Input records =
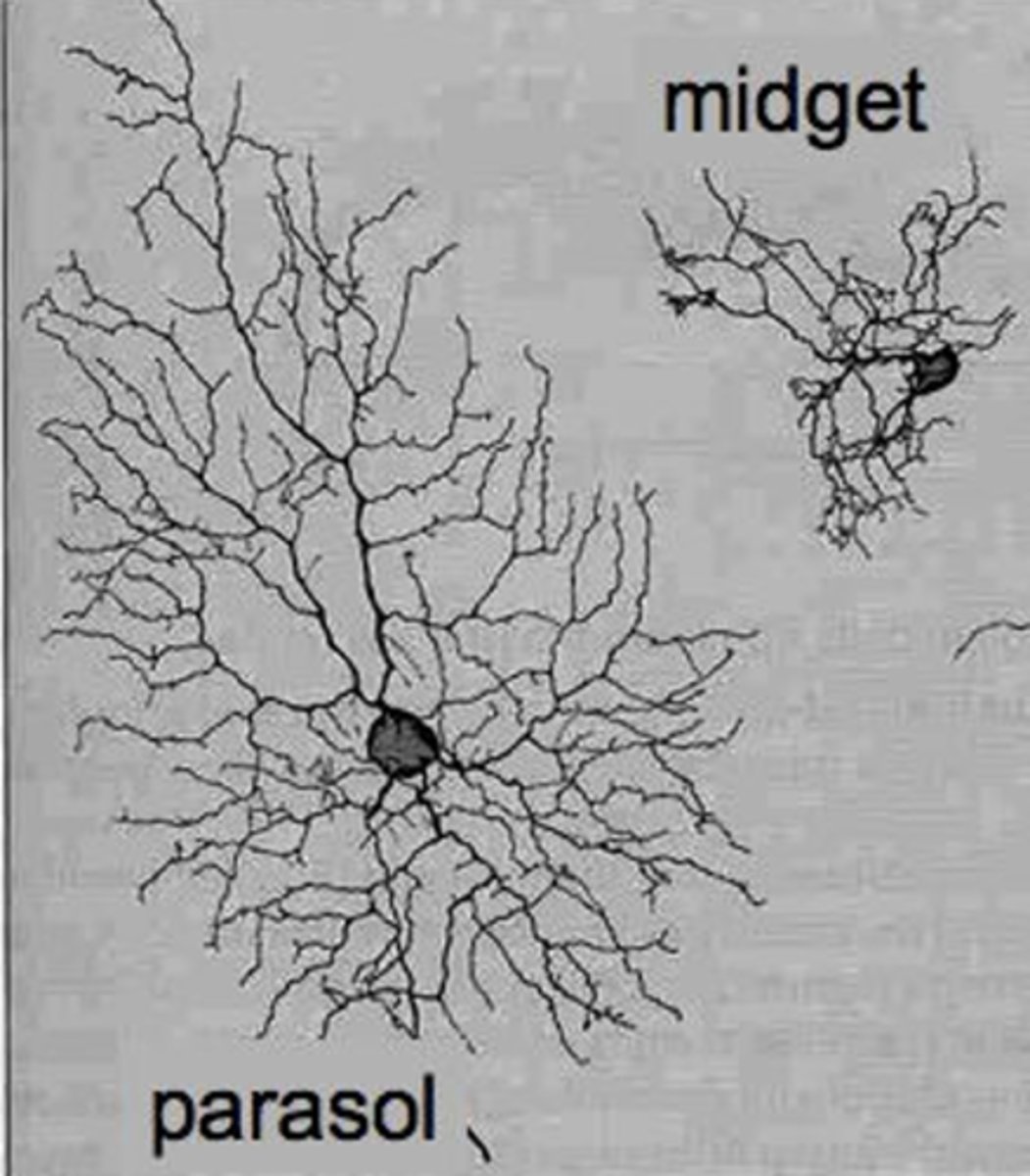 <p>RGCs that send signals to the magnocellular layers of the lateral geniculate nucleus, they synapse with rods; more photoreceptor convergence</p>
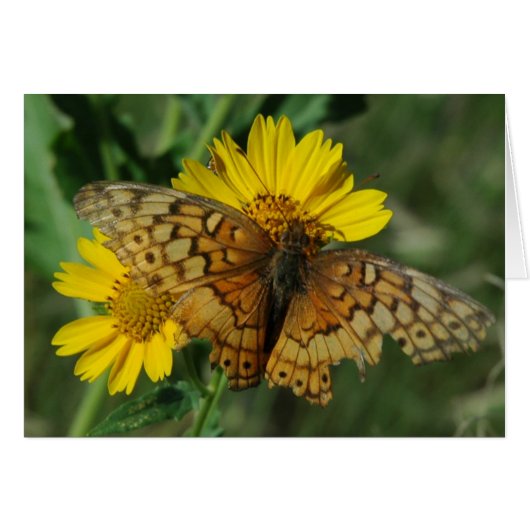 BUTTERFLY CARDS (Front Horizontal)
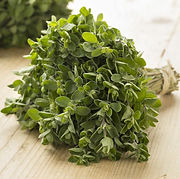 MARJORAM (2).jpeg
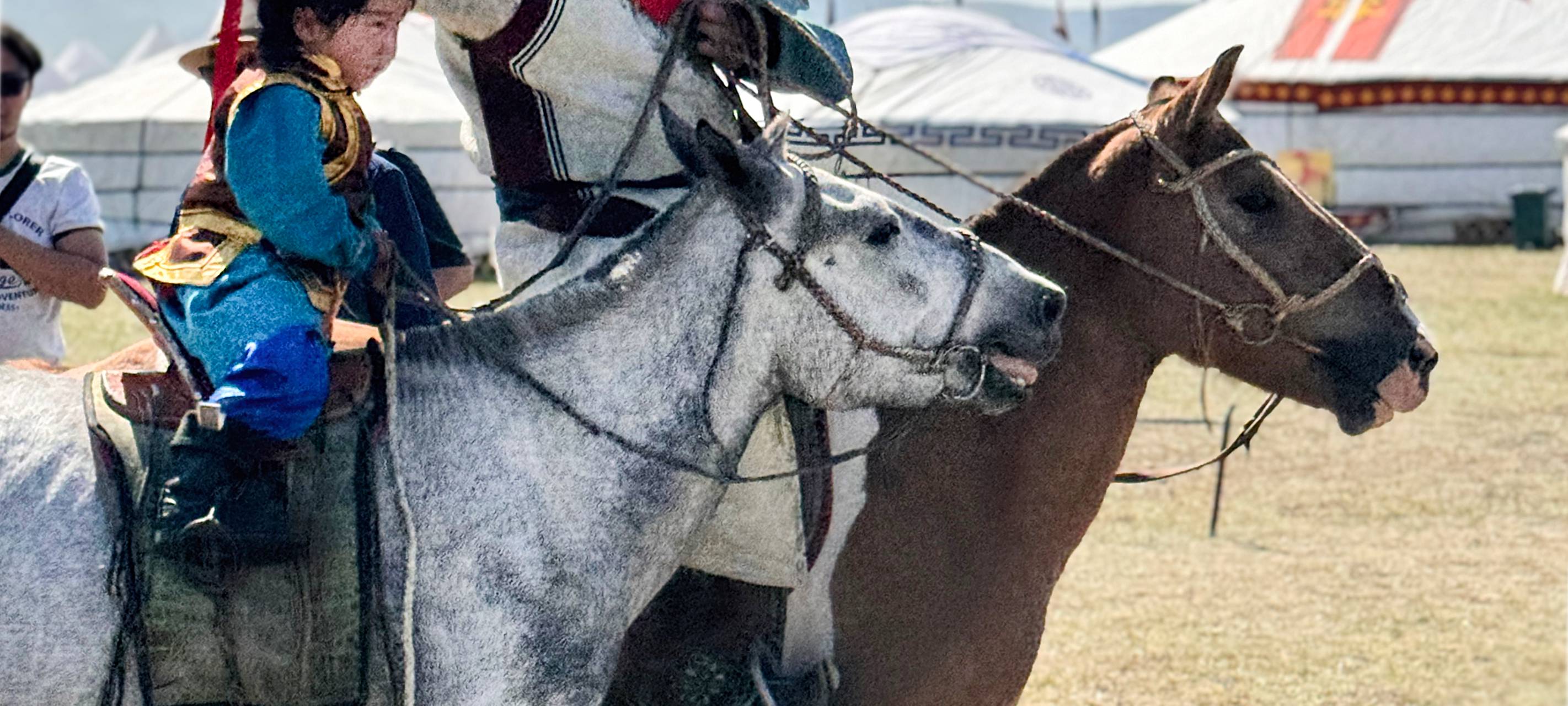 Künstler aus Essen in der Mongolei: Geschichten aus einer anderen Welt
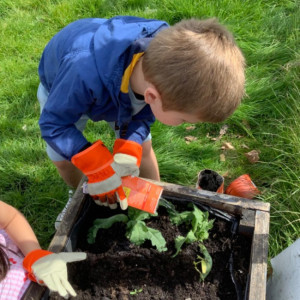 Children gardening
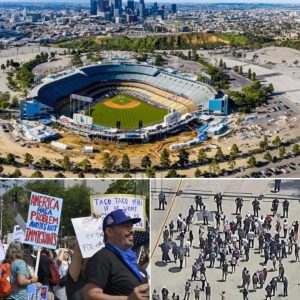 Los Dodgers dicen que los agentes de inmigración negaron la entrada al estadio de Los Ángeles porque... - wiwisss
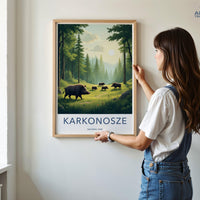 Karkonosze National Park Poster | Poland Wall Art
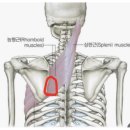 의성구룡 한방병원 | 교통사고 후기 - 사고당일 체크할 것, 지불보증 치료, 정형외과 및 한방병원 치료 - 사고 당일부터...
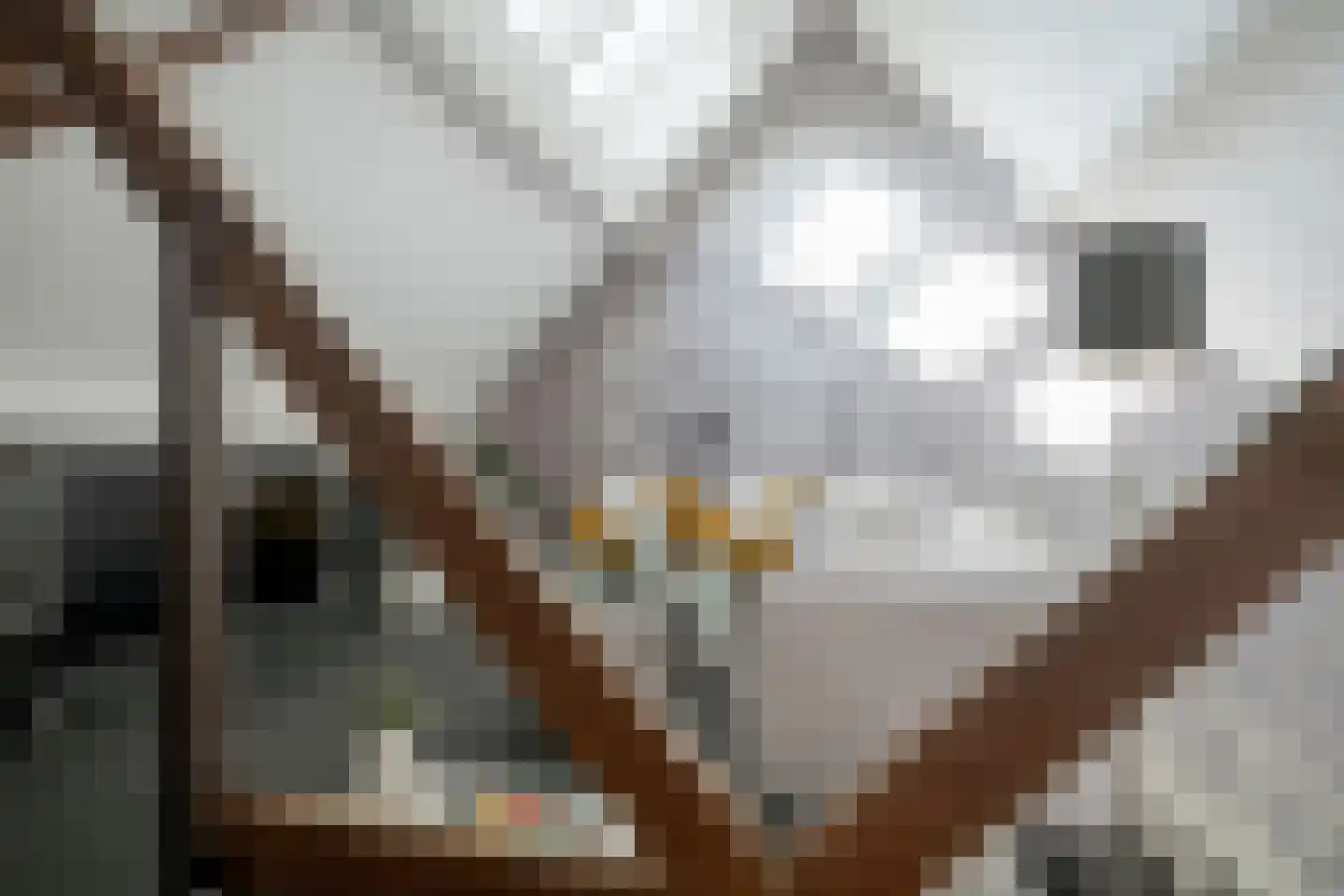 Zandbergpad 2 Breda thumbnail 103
...
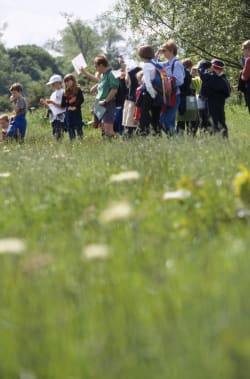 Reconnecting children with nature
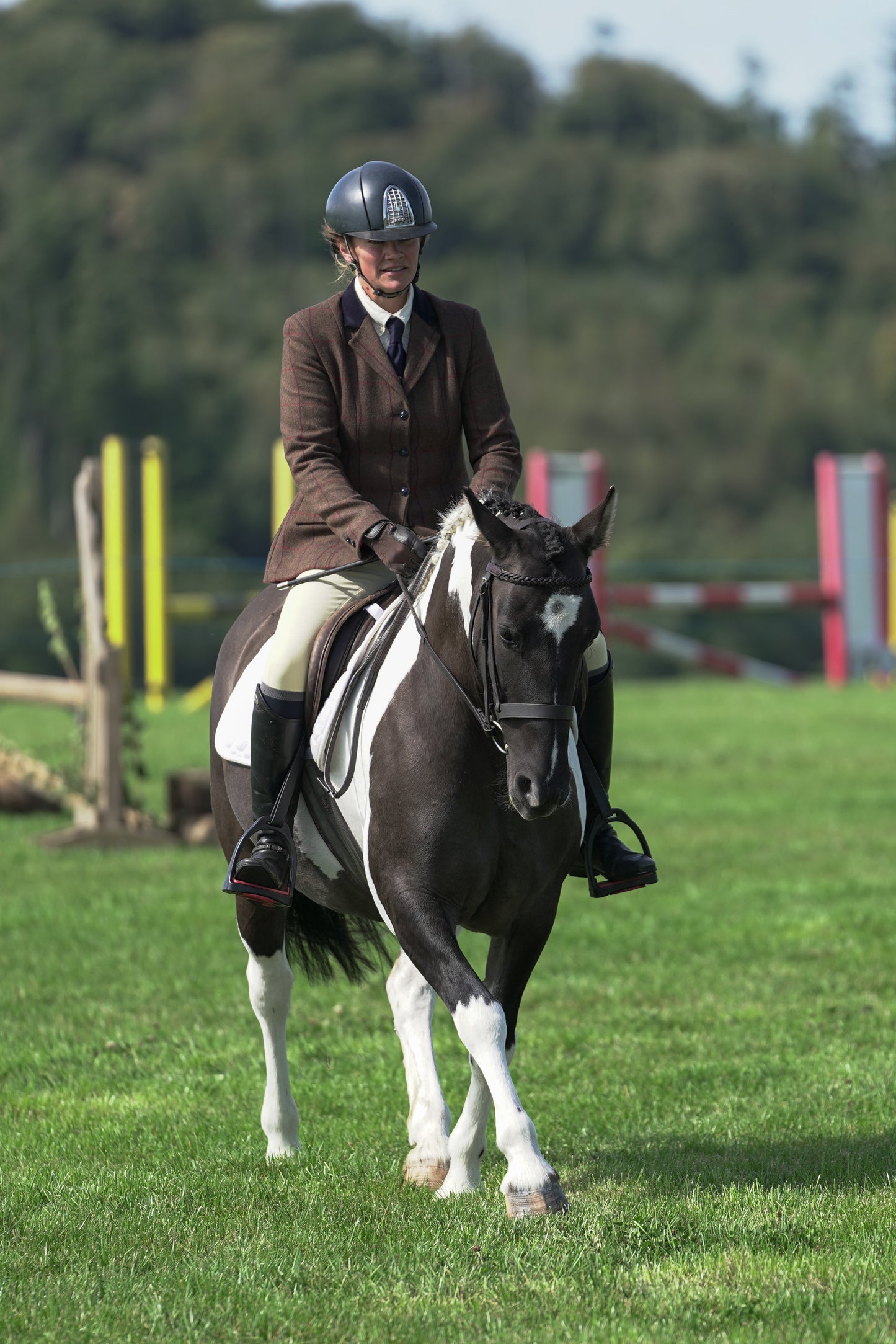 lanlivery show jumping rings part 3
==
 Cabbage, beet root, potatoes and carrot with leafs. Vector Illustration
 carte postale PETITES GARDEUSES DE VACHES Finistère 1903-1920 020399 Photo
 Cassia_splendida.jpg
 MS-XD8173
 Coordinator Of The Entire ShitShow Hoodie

What this task involves = With pictures excluded, reproduce exactly the lines above from the one containing "Künstler aus Essen" down to the one containing "Karkonosze National Park", those two included.

Output of the task =
 Künstler aus Essen in der Mongolei: Geschichten aus einer anderen Welt
 Children gardening
 Los Dodgers dicen que los agentes de inmigración negaron la entrada al estadio de Los Ángeles porque... - wiwisss
 Karkonosze National Park Poster | Poland Wall Art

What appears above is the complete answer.